College students look for that face-to-face connection
Last Modified: February 28. 2013 4:48PM
Ah, young love. It’s a different world these days, isn’t it? Or is it?
With online dating seemingly more popular than ever, local college students say they know all about it, even if they haven’t done it themselves.
But if they were to have a relationship in cyberspace, they wouldn’t take it seriously without meeting the other person face to face.
That’s unlike Notre Dame football star Manti Te’o, who said he had a girlfriend he met online but never met in person.
The eyebrow-raising story gained national attention when it was learned her “death” from leukemia was a hoax. Te’o had been “catfished,” his defenders said.
The term came from a 2010 documentary, titled “Catfish,” about an online romance with someone who had created a completely a fictitious identity.
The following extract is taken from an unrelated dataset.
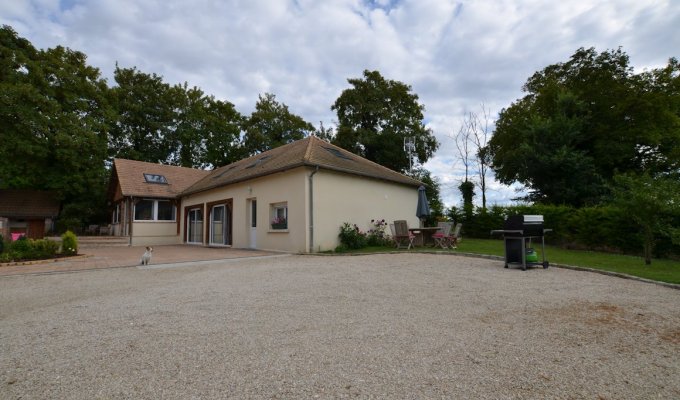 Location Maison vacances piscine chauffée privée en Champagne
A spinoff reality show on MTV has the same name.
Samantha Davidson, who said she doesn’t date online, said she has seen the show but could never maintain a relationship online without knowing the person.
“It’s hard to imagine trusting someone like that,” said Davidson, a 20-year-old Wilkes University sophomore from Shenandoah.
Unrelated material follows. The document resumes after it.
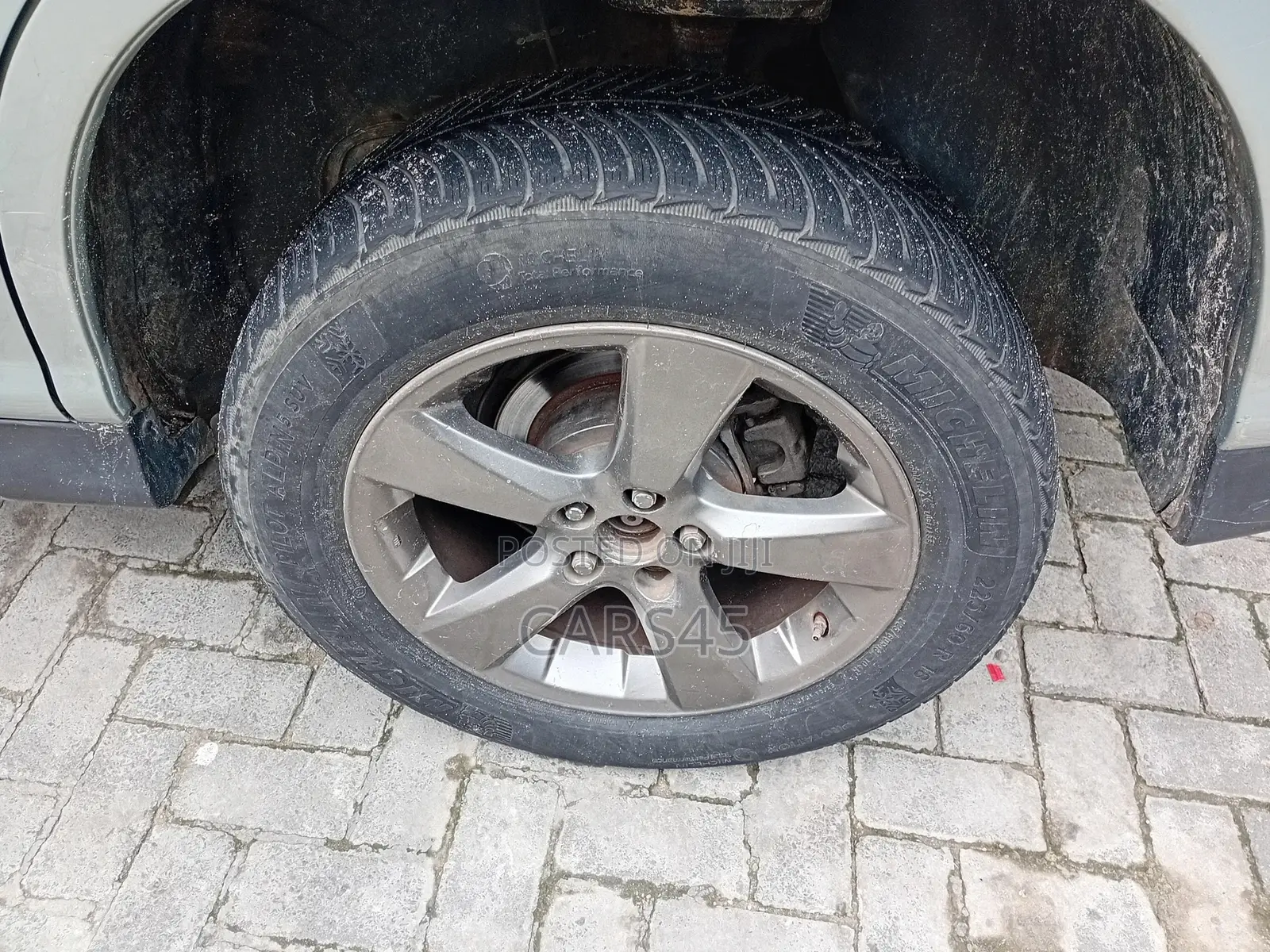 Lexus RX 2007 Blue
Wilkes senior Melissa Thorne, 22, of Stroudsburg, agreed it would probably not be smart to have a relationship online without meeting the person.
“It’s just ridiculous,” she said. “You can’t set yourself up.”
Tashianna Stockton, 18, a freshman at King’s College, said people in relationships should know each other, and that means meeting each other.
“Anybody could be what they want,” said Stockton, of Binghamton, N.Y., who is not looking to date online.
“There’s no common sense when you date online,” added another King’s student, who did not want her name used.
Bob Tuttle, a Wilkes University professor of sociology, said he doesn’t think a lot of long-term relationships come from people meeting online anyway.
“In general, what you find is people are certainly using the Internet more to meet people,” Tuttle said. “But, as far as developing long-term relationships, it’s not that prevalent.”
He said there’s certainly more communicating on social media, but as far as determining permanent relationships, it doesn’t seem to be that way.
Meera Patel, 25, of Quakertown, a Wilkes senior who said she just joined Match.com, didn’t know of anyone who’s had a long relationship online without meeting.
“I’ve seen people. They talked for a month or two then met,” Patel said.
She’s not afraid of being “catfished,” and if she goes to meet someone, she will do it in a public place.
Wilkes junior Jaleel Sterling, 21, of Linden, N.J., doesn’t participate in online dating but has a friend who did. His friend, however, did meet the woman in person.
“I think there are pros and cons,” Sterling said. “You don’t know if something is real or fake. I would definitely seek out to meet that person.”
Marissa Bartorillo, 20, of Harrisburg, a Wilkes sophomore, also had a friend who met someone online.
“They actually were going to become engaged, then they broke it off,” she said.
She also had a relationship online with someone she never met – when she was in seventh grade. But he was a friend of a friend who lived an hour away.
Kyle Wolfe, 22, a Wilkes senior from Bushkill, avoids online dating as well.
“It’s not something I would try,” he said. “I need the face-to-face connection.”
Brittany Battista has friends who talk to people online for companionship but don’t have relationships.
“I’ve seen ‘Catfish;’ the 20-year-old Wilkes junior and Pittston resident said. “It’s scary.”
She said pursuing a relationship online could be disappointing or dangerous.
“You never know what you are going to find,” Battista said.
King’s junior Joe Wescoat, 20, of Galloway Township, N.J., wants no part of an online relationship.
“I’d rather be out talking to people,” he said. “I’d rather meet people.”
OFFLINE SAFETY TIPS
Even match.com, one of the biggest online-dating sites out there, expresses concern for safe online – and offline – dating. Once an online relationship is established, and you’re considering taking it offline, the site advises:
• Get to know the other person before meeting. Use the Internet and government resources available to everyone. This can include typing the person’s name into a search engine, reviewing public information made available by government offices or using a paid service to obtain a full background report.
• Always meet in public. Meet for the first time in a populated, public location – never in a private or remote location and never at your date’s home or apartment.
• Stay in a public place. It is best not to go back to your date’s home or bring them back to yours on the first date.
• Inform a friend or family member of your plans and when and where you’re going. If you own a mobile phone, make sure you have it with you.
• Stay sober. Keep a clear mind and avoid doing anything that would impair your judgment and cause you to make a decision you could regret.
• Drive yourself to and from the first meeting. Just in case things don’t work out, you need to be in control of your own ride – even if you take a taxi.
• Keep personal items with you at all times. You don’t want to risk having personal information stolen. If you’re drinking, keep your drink with you at all times so it can’t be tampered with.